_Assignment:_
Set down each line from the line holding "Camping Fuentes De Regrustan - zdjęcie 2" to the last line of the entries below, exactly, with both ends included and without pictures.

_Dataset content:_
=== Begin Enclosure ===
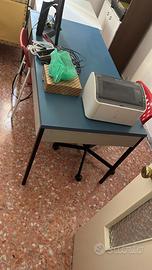 Scrivania in metallo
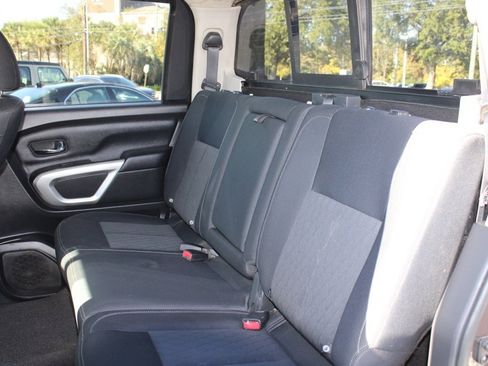 Used 2019 Nissan Titan SV w/ SV Convenience Package image 37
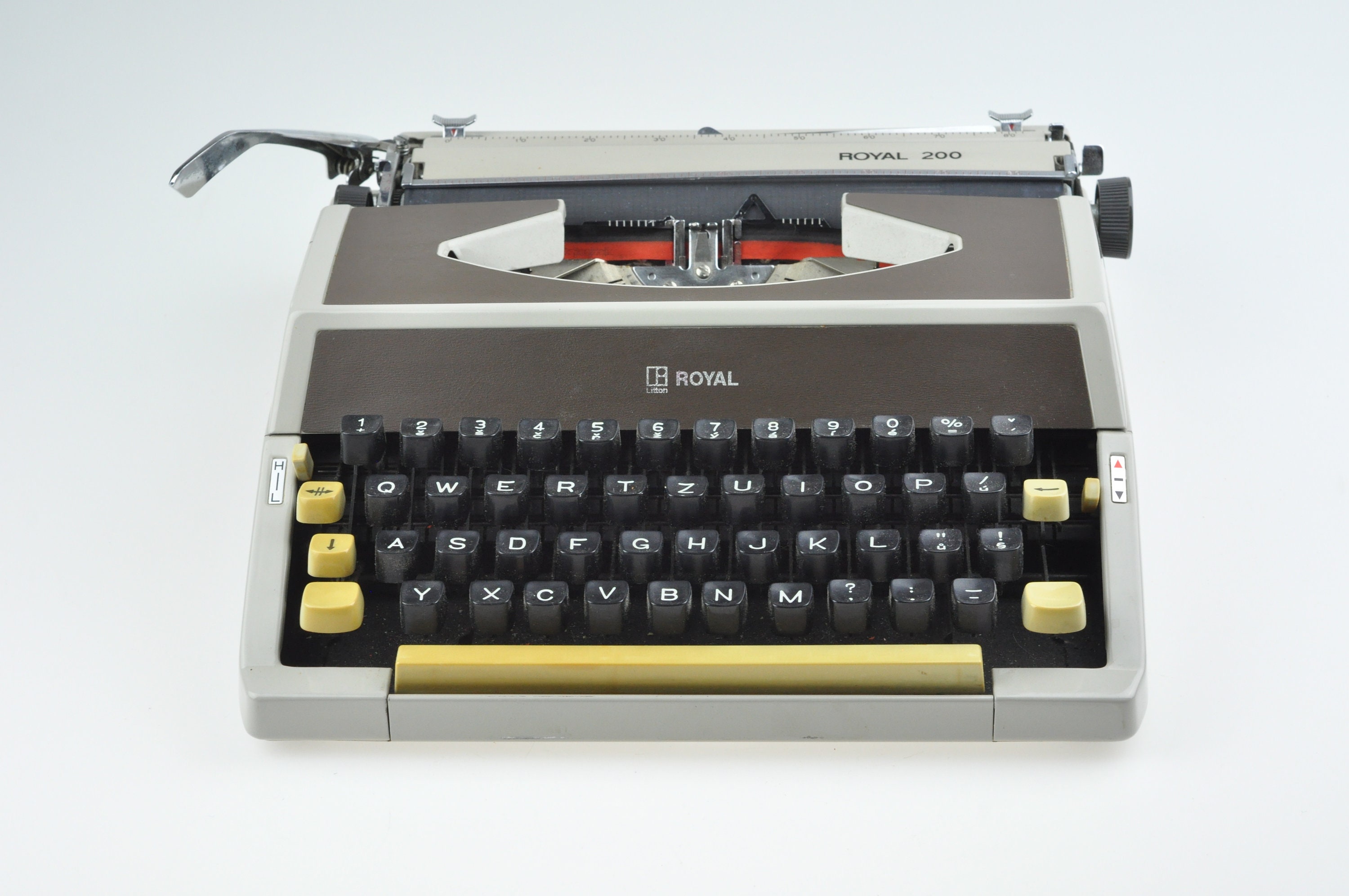 ロイヤル POYAL ポータブルタイプライター200 ROYAL PORTABLE ロイヤルタイプライター ポータブル
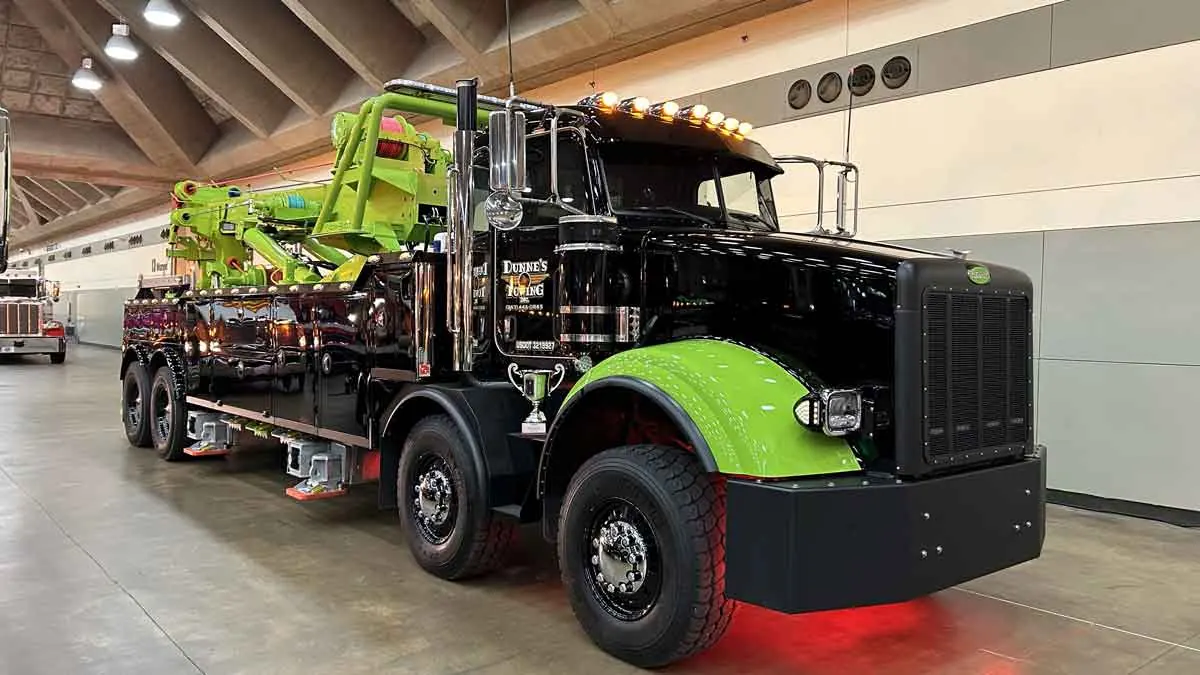 Dunne&rsquo;s black and lime heavy wrecker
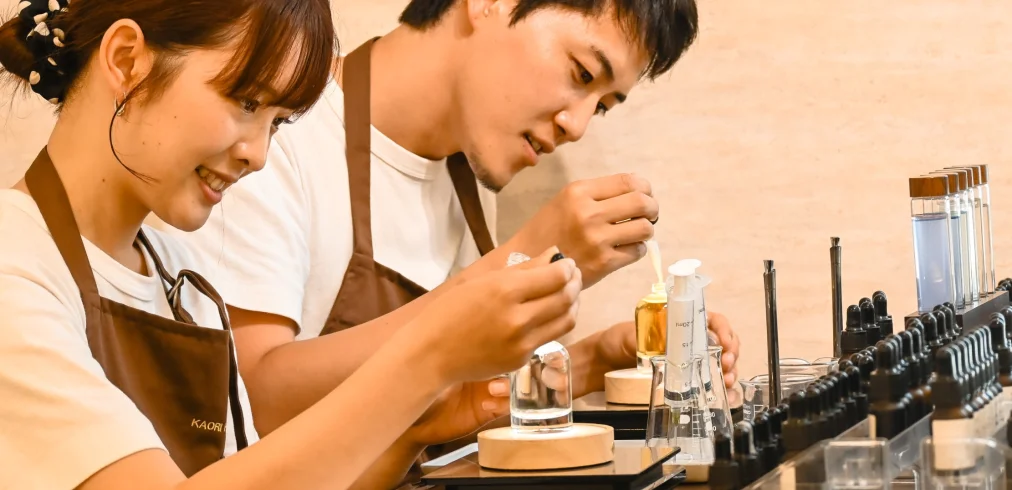 香料を少しずつ調合してオリジナルフレグランスを作る様子
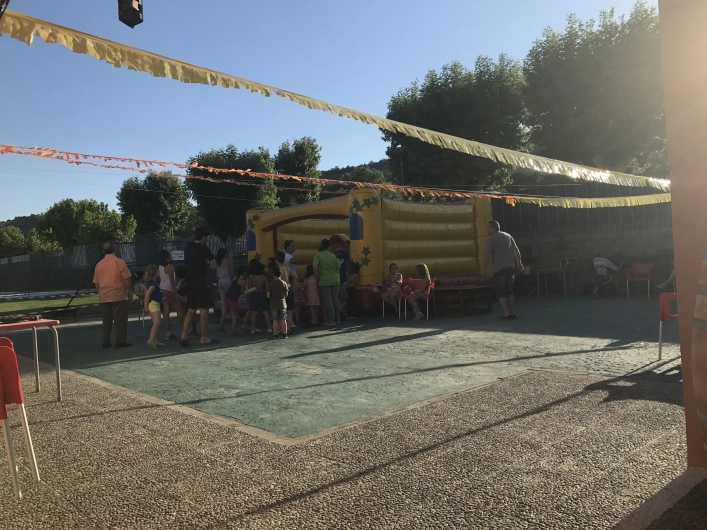 Camping Fuentes De Regrustan - zdjęcie 2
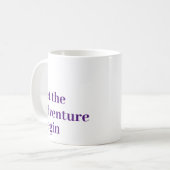 Lass des Abenteuers beginnen lila Skript Monogram Kaffeetasse (Vorderseite Links)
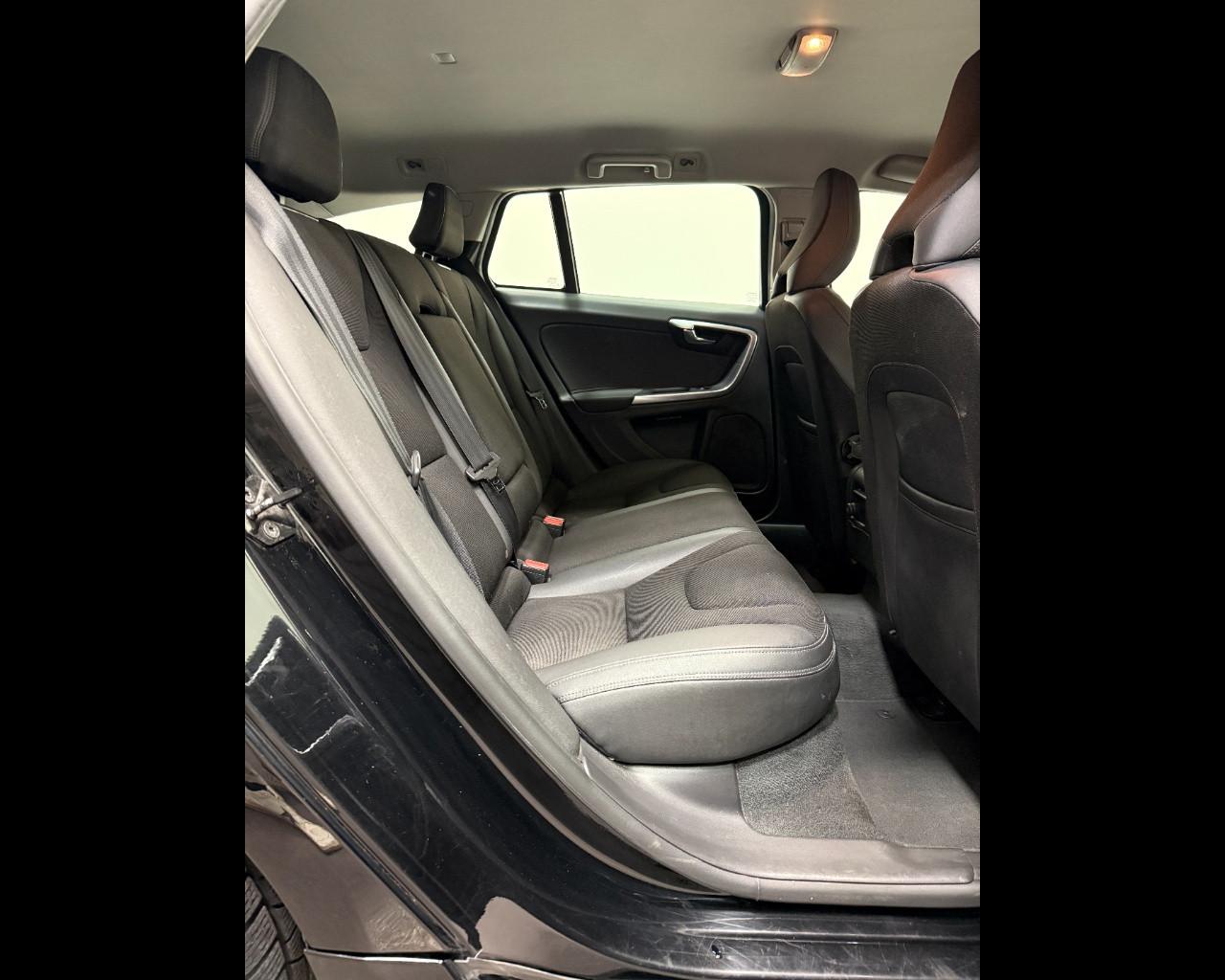 VOLVO V 60 2.0 D4 VED (D3) MOMENTUM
=== End Enclosure ===
_Task output:_
 Camping Fuentes De Regrustan - zdjęcie 2
 Lass des Abenteuers beginnen lila Skript Monogram Kaffeetasse (Vorderseite Links)
 VOLVO V 60 2.0 D4 VED (D3) MOMENTUM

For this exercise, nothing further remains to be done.